"We have been disappointed by advanced countries` stance. They should have been more considerate with regard to the impact of climate change on third world countries," he said here on Wednesday.
He said it was the third world countries especially the archipelagic countries that have felt the impact of the climate change so far.
The stance that has disappointed Indonesia and also other developing countries was the one regarding commitment to gas emissions and funding, he said.
With regard to the continuation of the Kyoto Protocol 37 advanced countries and the European Union have agreed on the second commitment period of eight years from January 1, 2013.
These countries represent less than 20 percent of the world`s green house gas emissions.
Three advanced countries, namely Russia, Japan and New Zealand have decided to remain members (parties) of the Kyoto Protocol but have made no commitment to gas emissions reduction while Canada and the US have decided to drop out from the Kyoto Protocol.
"Indonesia meanwhile remains committed to reducing emissions. We will continue to strive to meet all the targets that have been set," the minister said.

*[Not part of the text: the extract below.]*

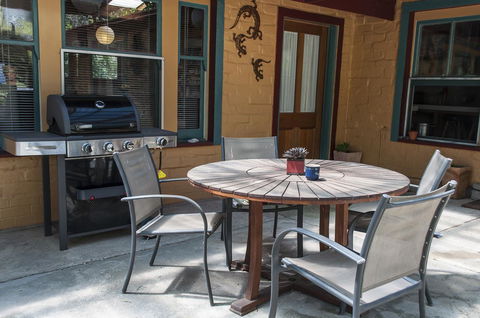 Trevalia Accommodation - Australian Directory 21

Indonesian chief delegate to the meeting Rachmat Witoelar had earlier said Indonesia had asked advanced countries to show their leadership in the gas emissions reduction efforts.
Regarding the funding advanced countries have only agreed to decisions which are qualitative reassurance in nature meaning they would only implement their commitment to long-term finance made in Copenhagen, Denmark, at the COP 15 in 2009.